In my experience as a nanny, personal chef and Integrative Nutrition Health Coach, these are the tactics that my clients and I have found most useful in improving kids’ relationship with food and the food choices they make.

Involve kids in cooking and meal prep

Not only does this provide them with a very important life skill but it helps to create a feeling of ownership and personal investment in the food they eat.  Children like to have a say and when we include them in a process it is much easier to gain their buy in and approval.

Kids also love the tactile aspects of cooking and meal prep.  Roll up their sleeves and let them get their hands dirty. They might make a mess, but it is all part of the fun.  Fun is encouraging. Creating a connection between the preparation of whole foods and fun is a major win in the war on picky eating.

There is also a long game element to this strategy.  In ten years, the five-year-old picky eater you are faced with now will be fifteen and able to whip up the family dinner for you when you’ve had a super hectic day at work.  It’s a healthy lifestyle hack that your future self with thank you for. You’re welcome.

Avoid referring to foods as “good” or “bad”

As a general rule, I discourage the vilification of any particular food. There are foods that may better support your health and wellness goals and there are others that help deeply satisfy food cravings.  They are both good and serve a purpose in their own rights.

I believe this shift in mentality helps us all to have a healthier relationship with all food; the stuff that actually nourishes us and the food like substances that are fun to enjoy on occasion.

If I had to draw an analogy, it would be to the prohibition era.  From 1920-1933, alcohol was an illegal substance in the United States.  That didn’t keep people from buying or drinking alcohol.
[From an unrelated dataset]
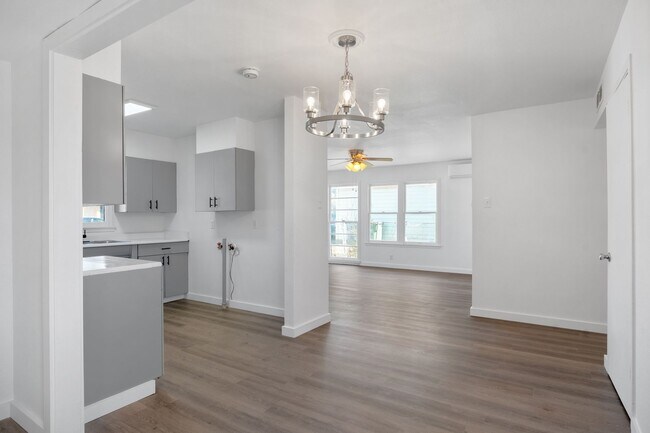 Building Photo - Fairlawn 3 bedroom, 1 bath ready for move-in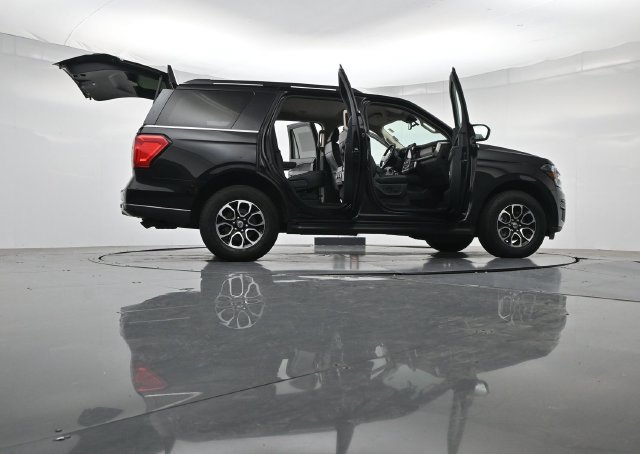 Certified 2024 Ford Expedition XLT AWD/4WD image 57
Instead, it drove them underground and alcohol consumption became entangled with organized crime.  When things are labeled as a “never” or “bad,” they immediately become sexier and more desirable like a forbidden fruit.

While you and your kids won’t be confused for Al Capone, for enjoying a chocolate chip cookie or brownie, you also don’t want them to draw a connection between an occasional splurge/treat and the feeling that they’ve done something wrong or shameful that should be hidden.  This is how you create a “sneaky eater.” Been there. Done that. It’s not cute.

Create connections between nutrients/key properties and health benefits

While I don’t believe in talking about foods as “good” or “bad,” I do think we can educate kids about what foods nourish their bodies, provide them with sustained energy, make them feel good,  and support a happy mood.

What does this look like?  Well, instead of telling a child that a cookie is a “bad” choice for a snack, try explaining that the sugar in the cookie will give them a burst of energy right now and will then make them feel tired pretty quickly afterward.  They are also likely to end up wanting another cookie.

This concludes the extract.